» **What you have to do**
Before copying, find the line below that contains "بورصة قطر تتراجع 0.56 صباحا و أريد الأنشط تداولا بورصة"; then return it and all later lines exactly, up to and including the final line, with no pictures.
(Beginning of Information supplied)
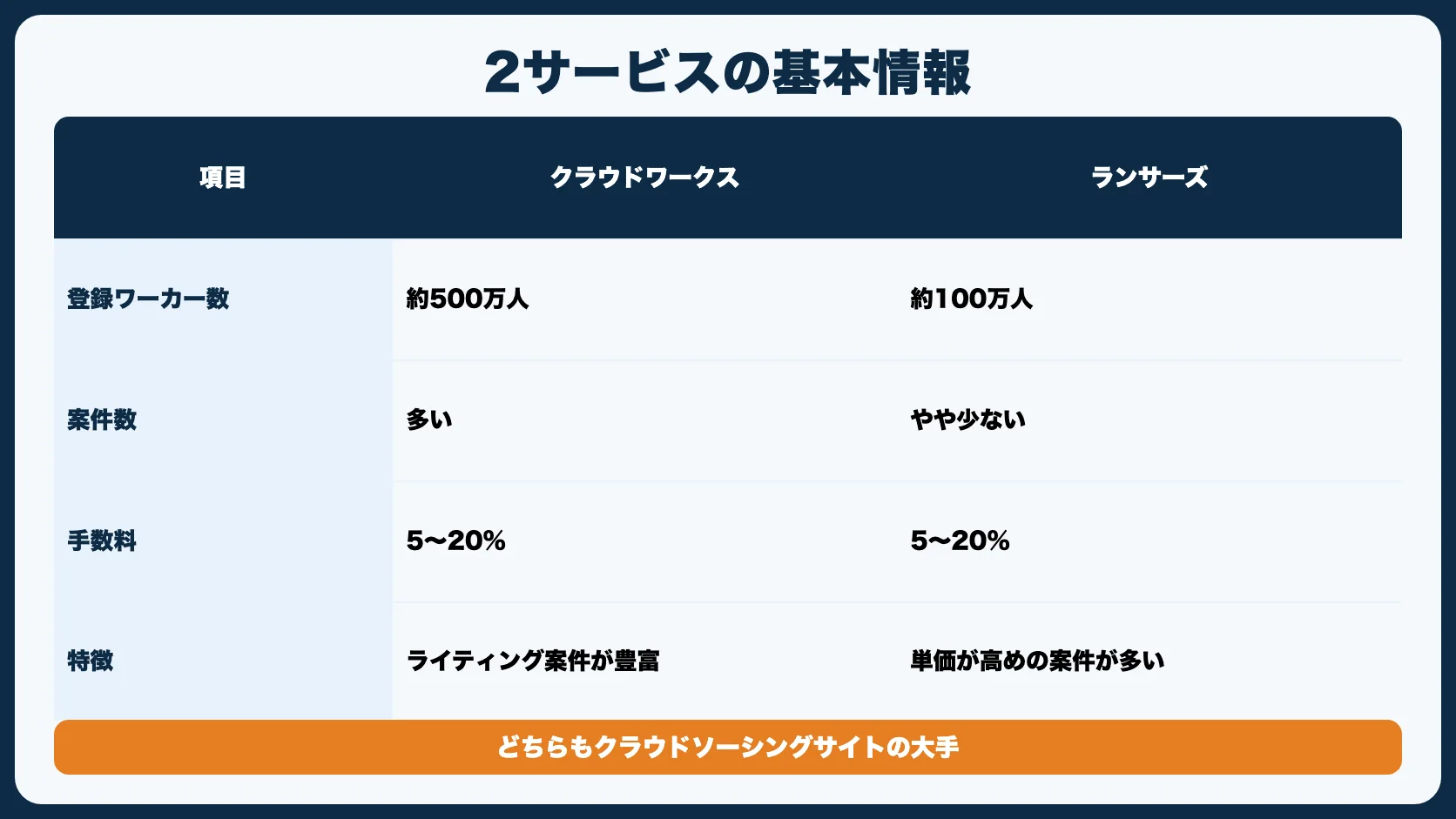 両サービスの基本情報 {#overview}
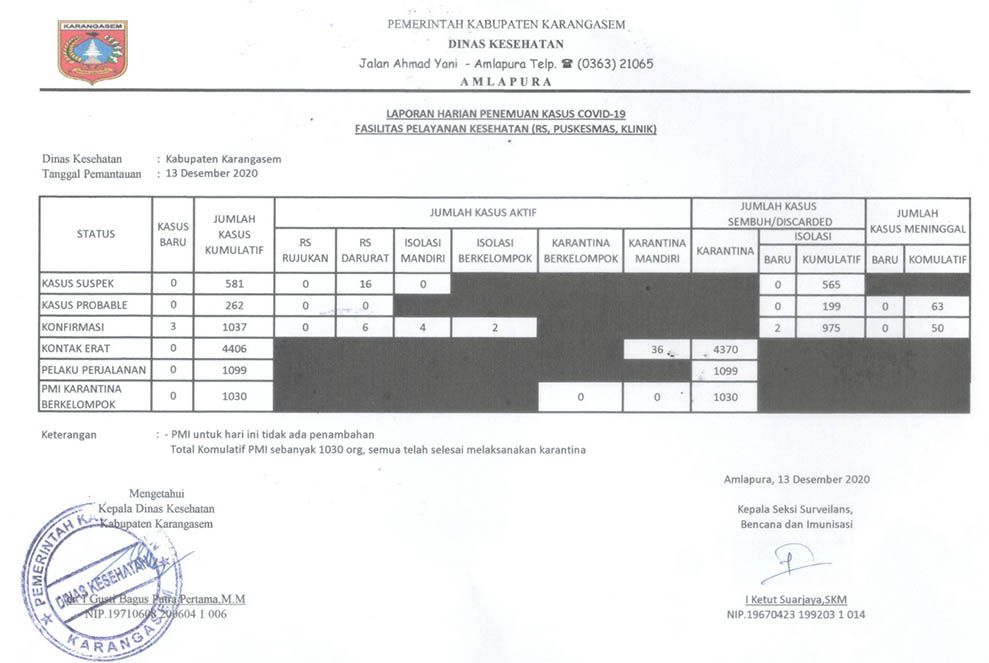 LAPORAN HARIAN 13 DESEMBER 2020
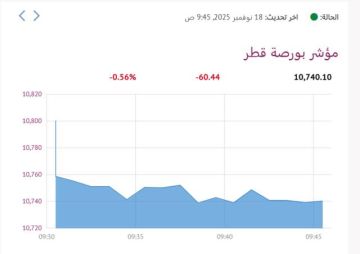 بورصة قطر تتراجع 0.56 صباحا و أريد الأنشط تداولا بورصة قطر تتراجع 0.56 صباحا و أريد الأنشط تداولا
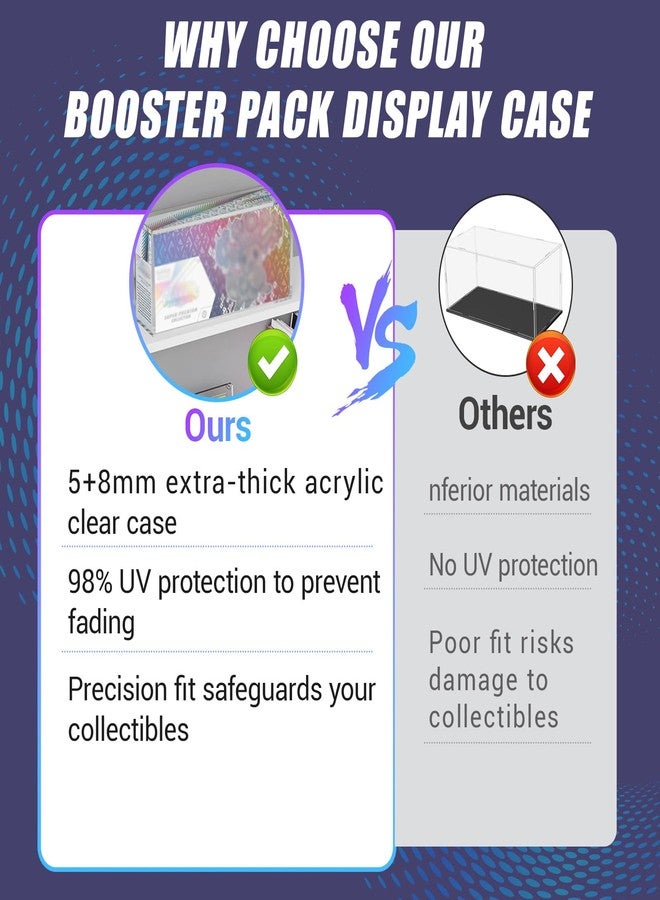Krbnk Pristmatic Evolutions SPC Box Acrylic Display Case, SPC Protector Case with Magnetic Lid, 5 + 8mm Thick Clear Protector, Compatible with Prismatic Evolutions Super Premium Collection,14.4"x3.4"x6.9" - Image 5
(End of Information supplied)
» **Exercise solution**
 بورصة قطر تتراجع 0.56 صباحا و أريد الأنشط تداولا بورصة قطر تتراجع 0.56 صباحا و أريد الأنشط تداولا
Krbnk Pristmatic Evolutions SPC Box Acrylic Display Case, SPC Protector Case with Magnetic Lid, 5 + 8mm Thick Clear Protector, Compatible with Prismatic Evolutions Super Premium Collection,14.4"x3.4"x6.9" - Image 5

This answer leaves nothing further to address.